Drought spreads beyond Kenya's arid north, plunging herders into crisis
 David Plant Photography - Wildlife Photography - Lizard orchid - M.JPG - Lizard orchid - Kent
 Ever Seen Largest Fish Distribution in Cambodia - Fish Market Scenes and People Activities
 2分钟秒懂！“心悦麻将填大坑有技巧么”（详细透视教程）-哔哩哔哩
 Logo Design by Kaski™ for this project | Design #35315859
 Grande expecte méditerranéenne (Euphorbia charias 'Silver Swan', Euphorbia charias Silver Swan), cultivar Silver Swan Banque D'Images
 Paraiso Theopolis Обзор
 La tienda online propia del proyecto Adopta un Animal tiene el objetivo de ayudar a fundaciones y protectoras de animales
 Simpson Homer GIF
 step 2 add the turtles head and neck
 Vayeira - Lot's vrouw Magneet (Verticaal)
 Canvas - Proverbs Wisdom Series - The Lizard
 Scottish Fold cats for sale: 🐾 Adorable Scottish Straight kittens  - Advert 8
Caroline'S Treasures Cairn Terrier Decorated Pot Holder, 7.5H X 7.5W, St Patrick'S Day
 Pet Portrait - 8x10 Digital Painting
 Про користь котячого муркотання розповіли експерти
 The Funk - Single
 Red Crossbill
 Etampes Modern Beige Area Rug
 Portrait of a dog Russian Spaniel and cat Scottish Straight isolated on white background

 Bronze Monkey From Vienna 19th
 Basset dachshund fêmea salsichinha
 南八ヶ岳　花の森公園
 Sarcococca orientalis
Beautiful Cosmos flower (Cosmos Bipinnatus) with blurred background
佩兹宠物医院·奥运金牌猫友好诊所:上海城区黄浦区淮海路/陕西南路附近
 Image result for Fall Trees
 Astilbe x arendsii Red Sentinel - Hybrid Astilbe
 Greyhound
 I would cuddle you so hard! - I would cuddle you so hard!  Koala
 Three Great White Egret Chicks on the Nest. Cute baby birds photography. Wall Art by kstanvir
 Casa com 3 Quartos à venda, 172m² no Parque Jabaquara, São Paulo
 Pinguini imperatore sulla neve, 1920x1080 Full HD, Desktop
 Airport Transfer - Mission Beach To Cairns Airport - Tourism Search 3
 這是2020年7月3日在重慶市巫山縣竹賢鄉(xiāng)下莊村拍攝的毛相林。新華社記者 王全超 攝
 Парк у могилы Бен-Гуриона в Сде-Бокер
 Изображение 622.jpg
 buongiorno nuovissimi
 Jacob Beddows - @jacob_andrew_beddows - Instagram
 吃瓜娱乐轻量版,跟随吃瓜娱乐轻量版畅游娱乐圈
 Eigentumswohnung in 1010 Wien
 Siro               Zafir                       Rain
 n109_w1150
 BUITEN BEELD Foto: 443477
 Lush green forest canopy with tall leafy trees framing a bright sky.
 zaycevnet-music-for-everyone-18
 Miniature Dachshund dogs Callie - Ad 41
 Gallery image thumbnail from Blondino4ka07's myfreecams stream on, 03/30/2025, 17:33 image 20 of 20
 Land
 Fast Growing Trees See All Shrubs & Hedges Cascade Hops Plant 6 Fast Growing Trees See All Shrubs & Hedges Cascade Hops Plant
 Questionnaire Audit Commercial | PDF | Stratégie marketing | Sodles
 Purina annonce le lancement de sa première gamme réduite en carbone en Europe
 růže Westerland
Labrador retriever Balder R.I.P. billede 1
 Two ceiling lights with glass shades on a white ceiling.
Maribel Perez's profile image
◇ ◇ ◇ ◇
Looking at the records above, return exactly the lines from the line with "Basset dachshund fêmea salsichinha" to the line with "zaycevnet-music-for-everyone-18", both ends included.

RESPONSE TO THIS EXERCISE ->
 Basset dachshund fêmea salsichinha
 南八ヶ岳　花の森公園
 Sarcococca orientalis
Beautiful Cosmos flower (Cosmos Bipinnatus) with blurred background
佩兹宠物医院·奥运金牌猫友好诊所:上海城区黄浦区淮海路/陕西南路附近
 Image result for Fall Trees
 Astilbe x arendsii Red Sentinel - Hybrid Astilbe
 Greyhound
 I would cuddle you so hard! - I would cuddle you so hard!  Koala
 Three Great White Egret Chicks on the Nest. Cute baby birds photography. Wall Art by kstanvir
 Casa com 3 Quartos à venda, 172m² no Parque Jabaquara, São Paulo
 Pinguini imperatore sulla neve, 1920x1080 Full HD, Desktop
 Airport Transfer - Mission Beach To Cairns Airport - Tourism Search 3
 這是2020年7月3日在重慶市巫山縣竹賢鄉(xiāng)下莊村拍攝的毛相林。新華社記者 王全超 攝
 Парк у могилы Бен-Гуриона в Сде-Бокер
 Изображение 622.jpg
 buongiorno nuovissimi
 Jacob Beddows - @jacob_andrew_beddows - Instagram
 吃瓜娱乐轻量版,跟随吃瓜娱乐轻量版畅游娱乐圈
 Eigentumswohnung in 1010 Wien
 Siro               Zafir                       Rain
 n109_w1150
 BUITEN BEELD Foto: 443477
 Lush green forest canopy with tall leafy trees framing a bright sky.
 zaycevnet-music-for-everyone-18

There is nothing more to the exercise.